The Mogollon Rim (say “muggy-own” if you want to sound like a local) is one of Arizona’s most under-rated scenic wonders. People world wide know of the Grand Canyon and the red rock country of Sedona. The crowds of tourists in those two beautiful places are proof. The Rim country is not well known outside of Arizona. The Mogollon Rim runs on a diagonal from near Flagstaff to the White Mountains in the eastern part of the state. In it’s central region from where state highway 87 tops the Rim to where state highway 260 does the same, it is a dramatic escarpment rising over 1000 feet from the valleys and mountains below. From below it looks like one side of a massive canyon looking for it’s missing twin. From the top one can look down a sheer drop-off and overlook mountain ranges layered one after another as far as the eye can see. There is a dirt road one can take between the two main highways that rambles through the pines and aspens. There are a number of spots where the “Old Rim Road” literally hugs the edge of the sheer drop-off. The views are mind numbing and the drive can be unnerving to those with a fear of heights. It is a rocky, bumpy unimproved road and not recommended for passenger cars (trucks and SUVs only).

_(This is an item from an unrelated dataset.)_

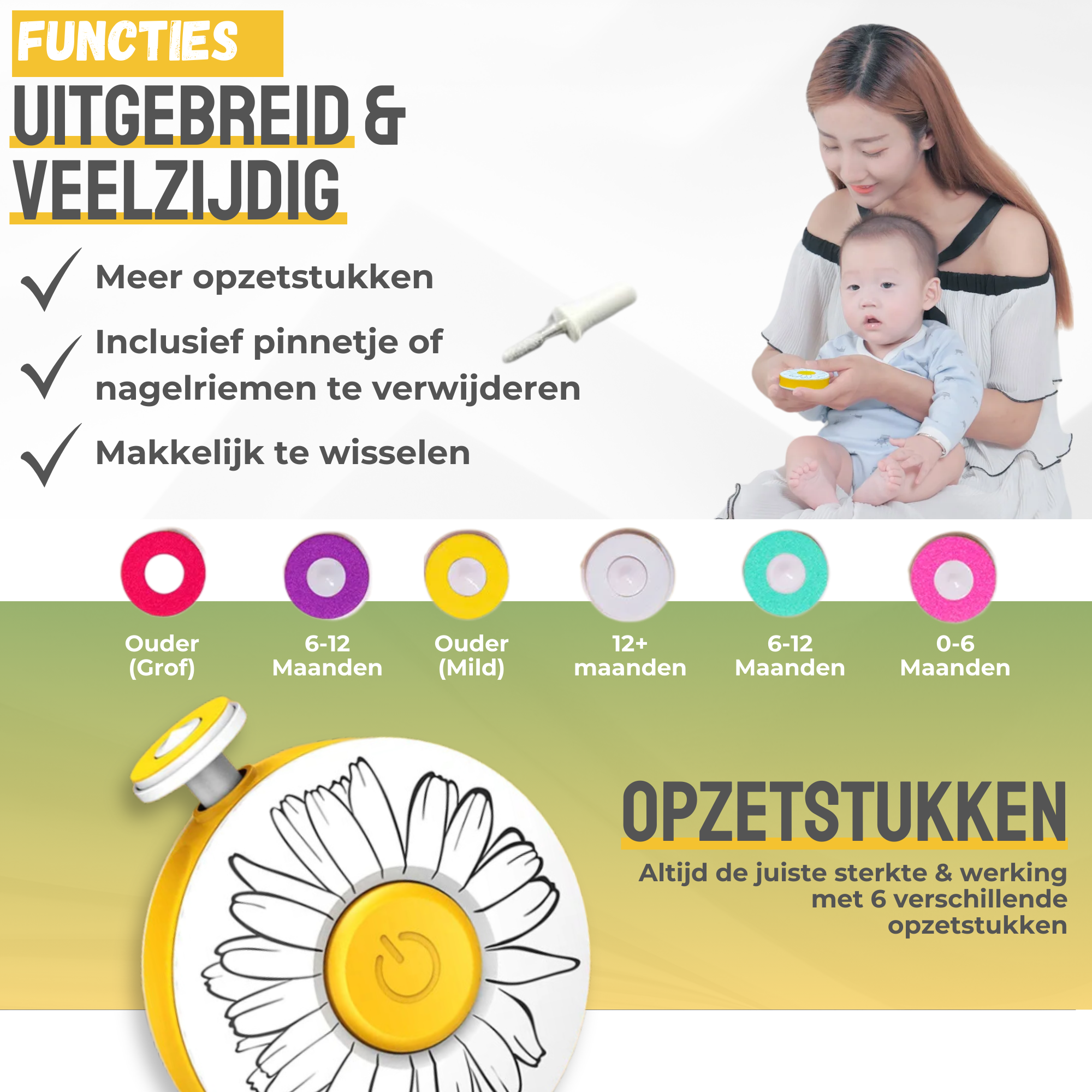 NilaFee® Elektrische Babynagelvijl - Veilig & Geruisloos met 7 Opzetstukken voor Baby's, Peuters en Puppies - Inclusief Batterij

From the edge of the Rim the land drops off dramatically to the south (over 1000 feet in places) and gradually to the north. The edge of the Rim is mostly over 9000 feet in elevation. In a desert region like Arizona elevation makes a dramatic difference in climate and vegetation. The towns at the foot of the Rim, while cooler than Phoenix by 10 to 20 degrees most days, are often 10 degrees warmer than the high country on top. There are towns to the east of where highway 260 crests the Rim. Forest Lakes, Heber and Overgaard have some tourist infrastructure but are mostly summer home communities for people from the desert cities. Payson is the largest town below the Rim and has the most available in terms of hotels, dining and shopping. Pine and Strawberry are a bit higher than Payson and much smaller. The accommodations are mostly pretty basic unless one rents a summer home or cabin. Some of these are as nice the best homes in Scottsdale or Paradise Valley.

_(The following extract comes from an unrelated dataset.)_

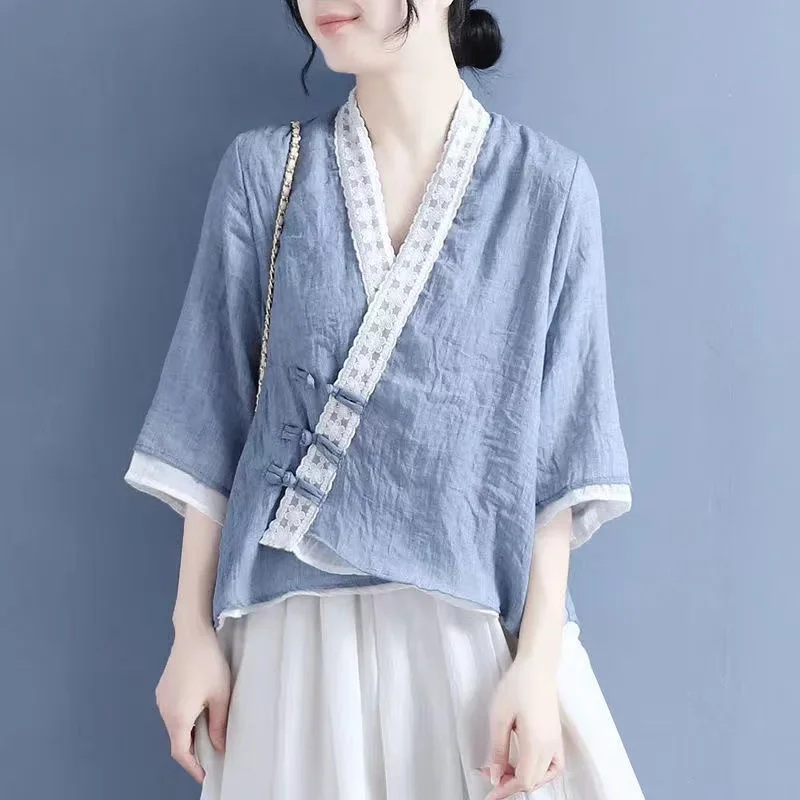 Fashion Woman Blouses 2024Linen Clothing Chinese Traditional Clothes For Women Vintage Top Female Chinoiserie Summer Tang Suit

Below the Rim is cattle country with a mixture of grassland, juniper, and pine forests. Payson is one of several towns to claim the oldest rodeo. Up on top the high elevation is hospitable to spruce, fir, aspens and some huge ponderosa pines. As the landscape drops in elevation to the north it is cut by some deep canyons. Many are very hard to access, but all are scenic wonders. To the west of highway 87 several major canyons cut their way south from the Rim as well including Oak Creek Canyon and it’s famous red rocks.

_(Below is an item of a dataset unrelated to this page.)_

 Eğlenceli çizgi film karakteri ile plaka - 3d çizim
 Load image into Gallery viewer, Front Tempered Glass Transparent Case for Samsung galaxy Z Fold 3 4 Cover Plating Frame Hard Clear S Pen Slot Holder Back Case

The land on the Rim’s top is mostly in the Coconino National Forest and the Sitgreaves National Forest. Along with the White Mountains to the east and Flagstaff to the west, this is the coolest country in the generally very hot state of Arizona. It is no surprise that this area is very popular in summer for camping among the state’s desert dwellers. Most of the campgrounds were full over the July 4th weekend for example. This is the “monsoon season” in the Southwest and afternoon thundershowers are common in July and August. My car’s thermometer read 50 degrees during the downpour pictured below:
The Rim is a geographic feature so dramatic that it creates it’s own weather. While this storm raged on top, below there were only a few sprinkles. I have seen snow storms on the Rim in winter that were ferocious. All of this weather leaves water some of which is available for recreation. A number of fishable streams run both directions from the Rim’s edge. The streams that run south feed the Verde and Salt River watersheds and eventually make their way to Phoenix. The streams that run north feed the Little Colorado River and then into the mighty Colorado in the Grand Canyon. A number of the streams on top of the Rim have been dammed to create mountain lakes for boating and fishing.
Most of the lakes are near the Rim’s edge and in gently rolling country surrounded by green meadows and tall pine and aspen trees. Several are further down in rugged canyons. I hiked two miles into Chevelon Canyon Lake but did not take my camera. These two pictures are of Blue Ridge Reservoir where I launched my kayak and spent most of a day paddling on the blue waters surrounded by colorful stone cliffs covered in pines.
Now that I have our cabin squared away, I can’t wait to go back up to the Rim country! I have too much work to catch up on for now, but later this summer for sure!